The Ask and the Answer ("TATA") by Patrick Ness is book 2 of the Chaos Walking trilogy. Now before we go getting our teeth stuck into this fresh piece of meat, I highly HIGHLY recommend that you read Book 1.

I repeat: this isn't one of those series' where you can afford to pick up at Book 2 - you simply MUST read Book 1 FIRST. Patrick Ness' ROARINGLY adventurous dystopian trilogy is all about the suspense, and besides the story being absolutely spoilt in its entirety, you won't have any EFFING clue what's going on at ANY stage. So if you want to be part of this exclusive club, GO. Now. Read. And love.

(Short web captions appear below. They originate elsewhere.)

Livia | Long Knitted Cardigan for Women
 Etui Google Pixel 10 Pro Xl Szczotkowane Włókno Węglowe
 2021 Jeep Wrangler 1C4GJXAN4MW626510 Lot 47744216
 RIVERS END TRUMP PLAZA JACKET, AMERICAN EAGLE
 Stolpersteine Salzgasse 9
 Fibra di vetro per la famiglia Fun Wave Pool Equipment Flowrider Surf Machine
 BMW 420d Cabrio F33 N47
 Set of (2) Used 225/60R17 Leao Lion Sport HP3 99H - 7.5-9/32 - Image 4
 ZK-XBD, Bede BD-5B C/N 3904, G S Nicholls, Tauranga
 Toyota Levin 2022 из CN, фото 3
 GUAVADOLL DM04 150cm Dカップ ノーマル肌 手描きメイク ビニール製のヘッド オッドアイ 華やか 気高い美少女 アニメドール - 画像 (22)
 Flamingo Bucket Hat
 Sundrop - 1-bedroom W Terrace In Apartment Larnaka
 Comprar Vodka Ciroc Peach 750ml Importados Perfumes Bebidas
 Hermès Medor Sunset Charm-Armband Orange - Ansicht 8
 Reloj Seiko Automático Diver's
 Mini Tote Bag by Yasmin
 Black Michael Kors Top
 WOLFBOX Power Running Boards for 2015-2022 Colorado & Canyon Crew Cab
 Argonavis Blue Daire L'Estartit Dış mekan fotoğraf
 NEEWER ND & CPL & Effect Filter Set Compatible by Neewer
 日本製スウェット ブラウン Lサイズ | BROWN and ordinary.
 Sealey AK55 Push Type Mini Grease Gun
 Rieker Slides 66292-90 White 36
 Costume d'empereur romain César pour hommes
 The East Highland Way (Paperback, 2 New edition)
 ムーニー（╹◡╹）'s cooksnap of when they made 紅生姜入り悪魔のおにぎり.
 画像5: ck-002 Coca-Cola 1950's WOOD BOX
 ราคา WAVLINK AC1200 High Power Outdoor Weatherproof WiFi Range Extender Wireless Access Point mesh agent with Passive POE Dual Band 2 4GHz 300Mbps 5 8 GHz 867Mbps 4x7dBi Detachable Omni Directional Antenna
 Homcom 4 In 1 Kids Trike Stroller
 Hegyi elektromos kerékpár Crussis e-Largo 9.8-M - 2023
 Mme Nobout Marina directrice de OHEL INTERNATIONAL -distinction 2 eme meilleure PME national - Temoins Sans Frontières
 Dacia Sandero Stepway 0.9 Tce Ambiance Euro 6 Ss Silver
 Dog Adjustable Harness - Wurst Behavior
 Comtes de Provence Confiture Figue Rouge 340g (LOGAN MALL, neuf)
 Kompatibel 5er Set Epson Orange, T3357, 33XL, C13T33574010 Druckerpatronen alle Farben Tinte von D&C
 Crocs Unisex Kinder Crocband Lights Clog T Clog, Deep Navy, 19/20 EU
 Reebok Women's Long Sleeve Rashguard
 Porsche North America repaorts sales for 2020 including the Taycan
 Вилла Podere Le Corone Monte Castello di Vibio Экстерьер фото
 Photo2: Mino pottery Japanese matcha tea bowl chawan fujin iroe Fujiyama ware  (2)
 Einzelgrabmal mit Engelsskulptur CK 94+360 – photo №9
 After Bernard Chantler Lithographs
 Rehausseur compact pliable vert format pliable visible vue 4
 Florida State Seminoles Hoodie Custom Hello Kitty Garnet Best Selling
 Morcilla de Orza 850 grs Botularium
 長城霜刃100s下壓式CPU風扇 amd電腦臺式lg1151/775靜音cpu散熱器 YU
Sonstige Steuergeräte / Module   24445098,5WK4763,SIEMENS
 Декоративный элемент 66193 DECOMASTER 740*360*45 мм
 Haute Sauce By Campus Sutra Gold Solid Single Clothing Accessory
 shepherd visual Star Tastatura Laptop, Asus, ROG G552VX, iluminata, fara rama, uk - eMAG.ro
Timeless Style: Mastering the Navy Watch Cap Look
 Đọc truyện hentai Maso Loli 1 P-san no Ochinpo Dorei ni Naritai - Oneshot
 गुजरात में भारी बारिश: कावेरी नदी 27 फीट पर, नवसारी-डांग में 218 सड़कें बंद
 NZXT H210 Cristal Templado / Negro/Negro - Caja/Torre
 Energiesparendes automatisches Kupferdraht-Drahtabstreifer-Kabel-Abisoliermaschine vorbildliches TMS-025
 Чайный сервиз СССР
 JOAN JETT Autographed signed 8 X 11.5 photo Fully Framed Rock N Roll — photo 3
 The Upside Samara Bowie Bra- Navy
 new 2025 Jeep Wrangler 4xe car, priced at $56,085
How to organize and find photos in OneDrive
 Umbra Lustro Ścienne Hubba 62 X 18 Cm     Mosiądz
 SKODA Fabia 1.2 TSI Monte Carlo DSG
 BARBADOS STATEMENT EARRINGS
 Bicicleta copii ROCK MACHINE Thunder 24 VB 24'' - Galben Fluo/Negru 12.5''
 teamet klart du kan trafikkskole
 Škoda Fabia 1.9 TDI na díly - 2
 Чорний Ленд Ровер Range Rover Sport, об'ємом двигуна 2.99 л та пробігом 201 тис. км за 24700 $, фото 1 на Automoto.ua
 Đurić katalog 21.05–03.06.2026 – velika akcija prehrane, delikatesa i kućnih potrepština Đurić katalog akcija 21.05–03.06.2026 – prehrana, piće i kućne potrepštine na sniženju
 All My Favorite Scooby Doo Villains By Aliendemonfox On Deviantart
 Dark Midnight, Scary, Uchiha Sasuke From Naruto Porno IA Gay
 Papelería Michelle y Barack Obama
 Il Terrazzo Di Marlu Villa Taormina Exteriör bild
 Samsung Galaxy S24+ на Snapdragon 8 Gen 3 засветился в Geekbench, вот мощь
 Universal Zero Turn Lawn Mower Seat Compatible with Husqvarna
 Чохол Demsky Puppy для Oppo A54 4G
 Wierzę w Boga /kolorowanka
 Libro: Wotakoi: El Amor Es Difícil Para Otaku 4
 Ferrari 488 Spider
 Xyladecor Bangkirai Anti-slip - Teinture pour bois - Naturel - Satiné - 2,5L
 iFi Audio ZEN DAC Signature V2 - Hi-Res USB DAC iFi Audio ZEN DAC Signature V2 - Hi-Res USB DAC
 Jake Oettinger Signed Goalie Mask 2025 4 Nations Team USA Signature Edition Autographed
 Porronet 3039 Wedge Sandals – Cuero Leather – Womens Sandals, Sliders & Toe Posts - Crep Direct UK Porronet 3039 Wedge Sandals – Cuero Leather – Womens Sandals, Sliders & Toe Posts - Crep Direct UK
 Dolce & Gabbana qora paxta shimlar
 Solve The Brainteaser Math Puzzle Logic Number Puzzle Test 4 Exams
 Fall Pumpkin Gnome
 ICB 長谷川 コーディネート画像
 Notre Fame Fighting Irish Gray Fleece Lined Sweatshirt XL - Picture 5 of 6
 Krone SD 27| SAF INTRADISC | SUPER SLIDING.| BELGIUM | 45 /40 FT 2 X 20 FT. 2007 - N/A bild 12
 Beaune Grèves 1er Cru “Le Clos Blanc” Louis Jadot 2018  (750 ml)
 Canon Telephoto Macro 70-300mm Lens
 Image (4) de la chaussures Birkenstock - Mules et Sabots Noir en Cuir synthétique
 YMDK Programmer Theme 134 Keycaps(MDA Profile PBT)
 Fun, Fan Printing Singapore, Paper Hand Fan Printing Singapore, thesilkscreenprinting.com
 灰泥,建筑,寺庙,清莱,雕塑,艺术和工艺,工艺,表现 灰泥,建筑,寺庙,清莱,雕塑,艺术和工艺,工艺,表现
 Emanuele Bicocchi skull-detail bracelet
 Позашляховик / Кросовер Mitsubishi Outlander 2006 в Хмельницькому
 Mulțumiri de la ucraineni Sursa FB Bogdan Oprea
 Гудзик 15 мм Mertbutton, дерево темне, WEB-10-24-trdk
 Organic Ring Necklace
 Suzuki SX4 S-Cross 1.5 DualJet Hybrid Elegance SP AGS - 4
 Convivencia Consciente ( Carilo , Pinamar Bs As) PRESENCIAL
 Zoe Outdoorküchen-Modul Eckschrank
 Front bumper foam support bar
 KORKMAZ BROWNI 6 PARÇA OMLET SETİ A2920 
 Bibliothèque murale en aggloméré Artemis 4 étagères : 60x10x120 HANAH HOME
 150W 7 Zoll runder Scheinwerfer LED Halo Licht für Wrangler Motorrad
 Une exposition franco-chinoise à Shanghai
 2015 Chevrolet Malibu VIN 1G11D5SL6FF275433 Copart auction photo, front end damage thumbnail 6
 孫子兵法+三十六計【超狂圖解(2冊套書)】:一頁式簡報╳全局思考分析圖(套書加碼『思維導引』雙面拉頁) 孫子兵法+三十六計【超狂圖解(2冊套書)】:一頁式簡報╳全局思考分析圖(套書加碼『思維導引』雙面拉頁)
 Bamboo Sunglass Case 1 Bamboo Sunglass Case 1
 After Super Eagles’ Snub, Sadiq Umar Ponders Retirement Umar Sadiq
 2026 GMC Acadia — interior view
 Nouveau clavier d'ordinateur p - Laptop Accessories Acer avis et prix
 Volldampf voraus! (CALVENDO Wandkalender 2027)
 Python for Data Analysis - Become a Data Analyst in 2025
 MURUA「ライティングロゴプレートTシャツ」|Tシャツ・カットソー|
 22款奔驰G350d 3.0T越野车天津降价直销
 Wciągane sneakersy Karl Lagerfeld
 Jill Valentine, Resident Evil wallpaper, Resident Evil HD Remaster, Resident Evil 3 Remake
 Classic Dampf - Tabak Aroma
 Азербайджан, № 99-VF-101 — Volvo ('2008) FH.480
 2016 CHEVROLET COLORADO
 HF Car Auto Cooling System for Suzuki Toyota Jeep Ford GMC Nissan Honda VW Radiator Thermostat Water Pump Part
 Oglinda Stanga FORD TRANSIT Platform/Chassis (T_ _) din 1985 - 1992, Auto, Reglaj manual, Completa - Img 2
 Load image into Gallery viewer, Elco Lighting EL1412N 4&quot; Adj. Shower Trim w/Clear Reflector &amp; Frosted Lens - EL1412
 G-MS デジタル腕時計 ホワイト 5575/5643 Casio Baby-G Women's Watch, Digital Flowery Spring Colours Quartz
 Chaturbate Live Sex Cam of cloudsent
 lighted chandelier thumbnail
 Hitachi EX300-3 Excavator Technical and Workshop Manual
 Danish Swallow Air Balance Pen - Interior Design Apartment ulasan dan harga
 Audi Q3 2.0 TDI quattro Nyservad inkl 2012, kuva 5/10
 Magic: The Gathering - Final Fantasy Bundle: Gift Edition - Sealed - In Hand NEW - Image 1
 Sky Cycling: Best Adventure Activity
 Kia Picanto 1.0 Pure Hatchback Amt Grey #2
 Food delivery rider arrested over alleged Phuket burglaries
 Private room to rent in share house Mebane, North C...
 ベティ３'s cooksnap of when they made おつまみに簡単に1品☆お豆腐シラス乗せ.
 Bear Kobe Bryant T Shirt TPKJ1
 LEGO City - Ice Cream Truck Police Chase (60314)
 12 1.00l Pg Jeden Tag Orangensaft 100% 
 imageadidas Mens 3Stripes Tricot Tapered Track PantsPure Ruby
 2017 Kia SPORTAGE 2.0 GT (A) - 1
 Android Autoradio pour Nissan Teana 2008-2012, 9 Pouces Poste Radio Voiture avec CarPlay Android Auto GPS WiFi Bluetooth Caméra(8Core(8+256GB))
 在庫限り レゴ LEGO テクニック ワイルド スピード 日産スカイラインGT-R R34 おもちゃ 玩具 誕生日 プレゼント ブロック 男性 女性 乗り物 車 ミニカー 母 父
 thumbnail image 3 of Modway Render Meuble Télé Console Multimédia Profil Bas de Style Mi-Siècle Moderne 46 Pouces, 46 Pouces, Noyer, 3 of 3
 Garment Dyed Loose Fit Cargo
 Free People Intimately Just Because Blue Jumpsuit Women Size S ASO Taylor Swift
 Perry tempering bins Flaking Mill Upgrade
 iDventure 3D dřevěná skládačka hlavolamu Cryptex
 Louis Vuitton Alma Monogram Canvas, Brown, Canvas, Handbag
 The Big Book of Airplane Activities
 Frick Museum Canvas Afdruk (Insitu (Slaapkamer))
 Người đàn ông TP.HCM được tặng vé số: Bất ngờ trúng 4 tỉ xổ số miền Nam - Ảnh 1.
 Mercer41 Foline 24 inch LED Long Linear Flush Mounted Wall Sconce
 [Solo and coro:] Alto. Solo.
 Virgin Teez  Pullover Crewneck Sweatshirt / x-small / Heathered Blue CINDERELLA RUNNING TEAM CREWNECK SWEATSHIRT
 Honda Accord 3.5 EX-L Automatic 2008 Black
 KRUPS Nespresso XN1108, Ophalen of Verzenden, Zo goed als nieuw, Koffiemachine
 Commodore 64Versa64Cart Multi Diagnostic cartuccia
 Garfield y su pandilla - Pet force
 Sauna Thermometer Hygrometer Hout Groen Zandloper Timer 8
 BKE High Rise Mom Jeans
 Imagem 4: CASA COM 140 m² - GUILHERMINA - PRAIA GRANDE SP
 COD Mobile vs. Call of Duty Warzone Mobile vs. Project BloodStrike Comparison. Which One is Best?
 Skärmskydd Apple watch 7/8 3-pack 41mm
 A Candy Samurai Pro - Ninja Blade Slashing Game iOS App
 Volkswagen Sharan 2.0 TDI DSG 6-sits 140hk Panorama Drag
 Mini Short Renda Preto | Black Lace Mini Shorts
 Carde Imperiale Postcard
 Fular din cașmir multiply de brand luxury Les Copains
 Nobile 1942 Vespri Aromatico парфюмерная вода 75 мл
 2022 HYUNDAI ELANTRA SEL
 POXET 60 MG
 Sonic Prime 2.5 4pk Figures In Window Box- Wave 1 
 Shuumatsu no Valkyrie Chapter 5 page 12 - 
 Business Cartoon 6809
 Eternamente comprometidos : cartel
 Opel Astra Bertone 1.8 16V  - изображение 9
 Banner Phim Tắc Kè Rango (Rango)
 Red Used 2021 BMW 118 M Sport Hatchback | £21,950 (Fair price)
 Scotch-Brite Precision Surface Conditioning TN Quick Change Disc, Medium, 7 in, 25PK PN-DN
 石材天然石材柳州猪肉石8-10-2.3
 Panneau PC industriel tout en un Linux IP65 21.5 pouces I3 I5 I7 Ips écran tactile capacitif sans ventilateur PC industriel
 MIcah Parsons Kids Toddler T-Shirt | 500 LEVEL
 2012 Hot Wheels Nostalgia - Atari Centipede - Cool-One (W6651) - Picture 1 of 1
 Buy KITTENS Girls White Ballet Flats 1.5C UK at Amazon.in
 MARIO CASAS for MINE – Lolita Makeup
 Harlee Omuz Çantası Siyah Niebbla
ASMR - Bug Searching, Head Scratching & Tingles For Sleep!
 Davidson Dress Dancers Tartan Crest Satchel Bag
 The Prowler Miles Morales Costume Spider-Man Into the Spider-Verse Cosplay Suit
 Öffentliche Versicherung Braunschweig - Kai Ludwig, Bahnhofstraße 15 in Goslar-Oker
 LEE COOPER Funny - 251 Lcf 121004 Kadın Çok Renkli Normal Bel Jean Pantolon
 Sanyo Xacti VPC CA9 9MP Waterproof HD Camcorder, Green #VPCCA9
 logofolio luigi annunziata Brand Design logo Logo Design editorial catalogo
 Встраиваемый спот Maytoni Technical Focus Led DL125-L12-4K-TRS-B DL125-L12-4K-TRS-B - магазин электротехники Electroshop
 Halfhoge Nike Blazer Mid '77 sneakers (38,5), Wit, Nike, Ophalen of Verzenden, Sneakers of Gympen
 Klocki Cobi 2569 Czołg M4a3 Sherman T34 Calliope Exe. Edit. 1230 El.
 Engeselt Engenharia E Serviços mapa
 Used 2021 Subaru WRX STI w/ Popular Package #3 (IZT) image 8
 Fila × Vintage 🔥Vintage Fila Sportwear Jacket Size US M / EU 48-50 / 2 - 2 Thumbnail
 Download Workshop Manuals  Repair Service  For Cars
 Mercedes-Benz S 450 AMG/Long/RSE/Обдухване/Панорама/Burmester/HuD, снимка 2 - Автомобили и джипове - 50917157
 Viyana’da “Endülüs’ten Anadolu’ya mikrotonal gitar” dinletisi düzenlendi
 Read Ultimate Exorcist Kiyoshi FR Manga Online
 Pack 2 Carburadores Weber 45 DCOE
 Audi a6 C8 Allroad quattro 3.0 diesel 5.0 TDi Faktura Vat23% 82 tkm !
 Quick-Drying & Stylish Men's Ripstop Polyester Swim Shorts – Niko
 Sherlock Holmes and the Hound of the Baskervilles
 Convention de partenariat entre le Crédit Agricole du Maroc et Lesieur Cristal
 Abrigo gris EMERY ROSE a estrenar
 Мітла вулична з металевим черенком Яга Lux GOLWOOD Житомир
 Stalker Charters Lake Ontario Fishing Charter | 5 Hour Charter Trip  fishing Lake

So with that out of the way: TATA begins at The End. I mean that it presents itself as the tail of Book 1, where we are left hanging by one very sweaty hand off the edge of a high, rocky cliff, otherwise known as the dreaded 'cliffhanger'. There, first page in, written THE END, and then the story begins...

----Mild spoilers start here - watch for the splash as you hit the water below - DON'T SAY YOU HAVEN'T BEEN WARNED ------

---------------------Begin Spoiler -------------------

I guess it's no big secret that Viola lives to see another day, brushing off that bulletwound that showcased Todd as the hero we all know he is in The Knife of Never Letting Go ("TKNLG").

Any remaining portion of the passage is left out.